If you've been following my blogs, you'll be aware that Derek, my partner of 22 years, headed off to follow his dreams a few weeks ago. Last week my daughters and I travelled to NSW to visit him, expecting that we would then return to Melbourne and not see him again for another 10 weeks or so. (See previous blog entries: 'Trusting Our Paths', 'House Hunting', and 'Amazing Synchronicity').
Derek is returning home. His willingness to trust that urge to go north and not resist it allowed him to fully feel and experience what he needed to up there, and he is now complete with that journey and will be heading back home soon.
It's been a wonderful journey for both of us into the dynamics of trust.
Brings to mind that old biblical story in which Abraham had to demonstrate his willingess to trust God and sacrifice his only son, Isaac; as soon as he trusted and acted in faith, the sacrifice was no longer necessary. Our situation was obviously very different (!), but I'm struck by the principle that when we don't resist something, it can flow on to its true purpose, whereas when we fear and resist, we sometimes create a problem that might never have been necessary.
It's been very clarifying and valuable for both of us to have some time apart as well, and during my short visit in the Promised Land last week, Derek and I shared many deep and honest conversations about what that brief separation triggered for each of us. For Derek, that included the opportunity to work out his values hierarchy, and he has realised that being with his family is top of the list. And the looming independence shone lights on areas of limitation that I needed to face.
We also shared a rather fantastic 'outdoor' shower with views of palm trees and rainforest greenery and a huge, luxurious head, drenching us with delicious, pure water straight from the Never Never Creek – don't you love the names! We played in the surf at beaches along the coast, sunbaked on the sand, walked along country roads between large, beautiful properties (many, amazingly, with acres of mowed lawns...), drank fresh water from the creek, admired the Bellinger River, ate out at local restaurants, and stayed cosily inside during days of torrential rain.
And we had the unexpected privilege of meeting famous Australian pianist, David Helfgott, who spontaneously turned up to visit us on the property where we were staying and gave us an impromptu performance (talking and playing simultaneously and rapidly), as well as lots of warm hugs and an outpouring of information, wisdom and madness!
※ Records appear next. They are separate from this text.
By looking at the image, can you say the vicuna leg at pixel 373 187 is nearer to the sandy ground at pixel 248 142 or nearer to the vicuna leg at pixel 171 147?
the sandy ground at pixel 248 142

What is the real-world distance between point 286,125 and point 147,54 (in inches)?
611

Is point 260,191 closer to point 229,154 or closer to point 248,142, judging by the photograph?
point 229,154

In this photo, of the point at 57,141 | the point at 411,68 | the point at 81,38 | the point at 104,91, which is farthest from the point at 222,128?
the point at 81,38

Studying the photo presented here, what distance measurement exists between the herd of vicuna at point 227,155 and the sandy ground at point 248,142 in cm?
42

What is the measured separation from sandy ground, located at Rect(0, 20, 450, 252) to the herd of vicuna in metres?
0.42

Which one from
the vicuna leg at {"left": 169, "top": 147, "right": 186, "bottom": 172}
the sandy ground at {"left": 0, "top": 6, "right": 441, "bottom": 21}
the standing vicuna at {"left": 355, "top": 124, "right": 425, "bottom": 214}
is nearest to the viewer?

David was portrayed brilliantly by Geoffrey Rush in the film 'Shine'; on the evening after his surprise visit Derek and I and our daughters cuddled up on the bed and watched it together. It's quite extraordinary to see a movie about someone only hours after you have met them – especially someone as complex, intense and 'talented' as David Helfgott. (I put talent in quotes for a reason – explained in my writing course that is now available as an e-course: 'Writing (& life) Mastery'.)
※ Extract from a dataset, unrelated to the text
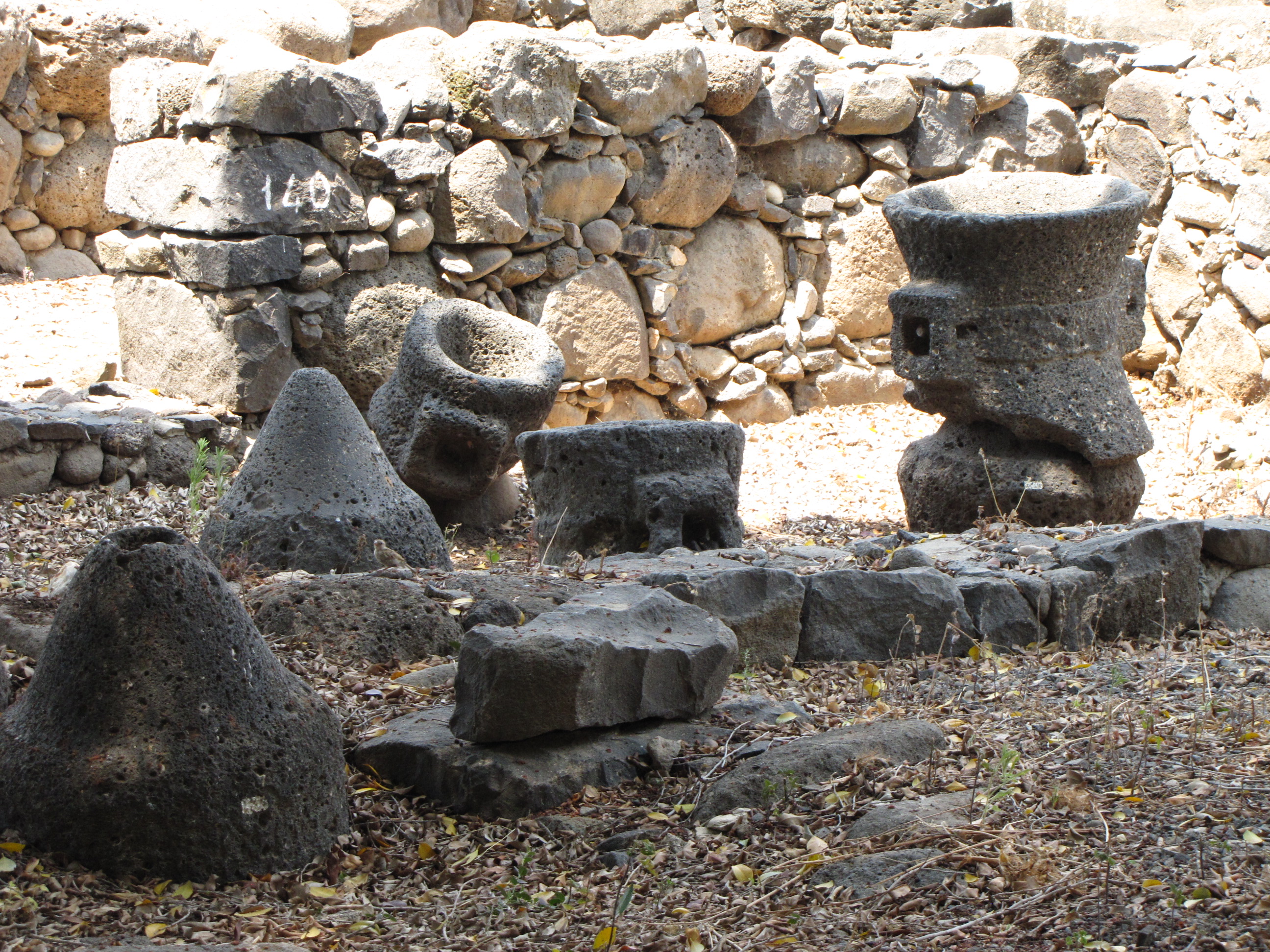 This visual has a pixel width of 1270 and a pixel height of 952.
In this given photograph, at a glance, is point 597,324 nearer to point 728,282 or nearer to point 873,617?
point 728,282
Our daughters drove much of the way there and back (on their Ls, happily accruing hours in their log books) – that was an adventure in itself! We now feel relaxed, renewed and ready for the next stage in the adventure. I'm aware that I'm due for another level of introspection and direction-clarification as I spent over an hour yesterday getting lost locally...
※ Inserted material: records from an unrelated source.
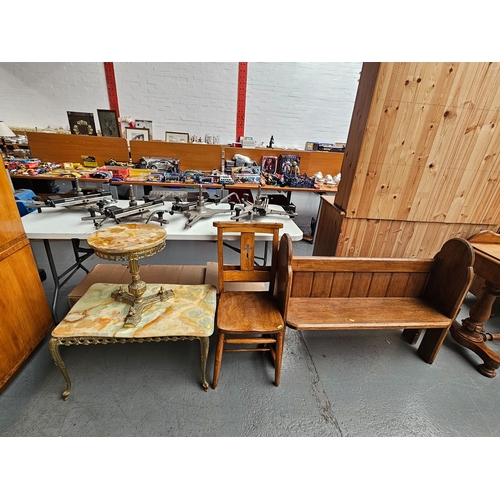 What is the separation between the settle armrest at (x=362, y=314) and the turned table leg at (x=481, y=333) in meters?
0.47

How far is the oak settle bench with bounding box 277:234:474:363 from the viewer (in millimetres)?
1483

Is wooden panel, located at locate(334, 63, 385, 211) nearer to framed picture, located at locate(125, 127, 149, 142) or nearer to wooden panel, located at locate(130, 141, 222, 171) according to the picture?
wooden panel, located at locate(130, 141, 222, 171)

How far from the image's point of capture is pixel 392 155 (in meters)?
1.69

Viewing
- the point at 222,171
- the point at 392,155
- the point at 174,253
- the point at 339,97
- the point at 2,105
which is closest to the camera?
the point at 392,155

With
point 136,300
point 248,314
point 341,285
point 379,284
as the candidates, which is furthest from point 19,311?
point 379,284

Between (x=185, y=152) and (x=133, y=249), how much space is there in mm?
2810

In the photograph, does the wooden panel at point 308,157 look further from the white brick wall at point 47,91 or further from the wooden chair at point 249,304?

Speaking of trust, I have just been invited to participate in the making of a documentary about home birth. It's called 'The Face of Birth', and aims to respond to the current fearful and controlling approach regarding birth that is emerging in our hospitals and through the medical model. Australia has only narrowly escaped having home birth made illegal, but I gather that right now this very natural process is being controlled to the extent that women have time limits on labour and are shunted off for inductions and caesarians if their babies do not follow a set procedure... This is absurd as the body (life) has its own wisdom which we must honour or we'll find ourselves unleashing worse problems than a slightly longer-than-desired labour. (It seems to me that the Japanese claim that they had their nuclear power stations in control and 'foolproof' revealed a cockiness that required humbling. The ancient Greeks called this 'hubris' and warned that such arrogance would arouse the ire of the gods. Whether we consider the events that followed the acts of gods or God or Nature or agencies such as HAARP, it's clear that the principle being demonstrated here was 'be humble and respectful rather than arrogant and controlling'...)
I wrote an article some years ago about the natural home births of our beautiful twin daughters. I'll post it in the Articles section. It's all about trust.